Tissue Genomic DNA Kit Protocol
1. Cut off up to 30 mg of the animal tissue and transfer it to a 1.5 ml microcentrifuge tube.
2. Add 200 μl of the Grind Buffer to the tube and continue to homogenize the sample tissue by grinding.
Step 1 Lysis
1. Add 20 μl of the Proteinase K (10 mg/ml) to the sample mixture and mix by vortex.
2. Incubate at 65°C for 30 minutes to lyse the sample. During the incubation, invert the tube every 5 minutes.
3. Centrifuge for 5 minutes at 5,000 x g.
4. Transfer the supernatant to a new 1.5 ml microcentrifuge tube and add 300 μl of the Lysis Buffer.
5. Mix well and incubate at 65°C for 5 minutes.

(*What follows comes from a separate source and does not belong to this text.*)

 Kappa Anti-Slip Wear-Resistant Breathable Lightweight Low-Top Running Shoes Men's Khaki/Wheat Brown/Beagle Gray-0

During this time, pre-heat the Release Buffer to 65°C for the Step 4.
6. Add 300 μl of the absolute EtOH to the lysate and mix well.
Step 2 DNA Binding
1. Add 20 μl of the magnetic beads. Mix well by gently shaking for 3 minutes.

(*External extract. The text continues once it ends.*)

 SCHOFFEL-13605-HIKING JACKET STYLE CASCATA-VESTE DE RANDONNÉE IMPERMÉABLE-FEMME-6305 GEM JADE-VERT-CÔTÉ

2. Place the tube in a magnetic separator for 30 seconds.
3. Remove the solution (If the mixture becomes viscous, increase the magnetic bead separation time).
Step 3 Wash
1. Add 800 μl of the Wash Buffer and mix well (Following the wash, the mixture will no longer be viscous).
2. Place the tube in a magnetic separator for 30 seconds. Remove the solution.
Step 4 Release
1. Add 200 μl of the Release Buffer (pre-heated to 65°C) and mix well.
2. Incubate for 3 minutes at 65°C (During the incubation, shake the tube vigorously every minute).
3. Place the tube in a magnetic separator for 1 minute.
4. Carefully transfer ONLY the clean portion of the solution to a clean tube.
NOTE: Be sure and allow the magnetic beads to disperse completely during the binding, wash and elution steps.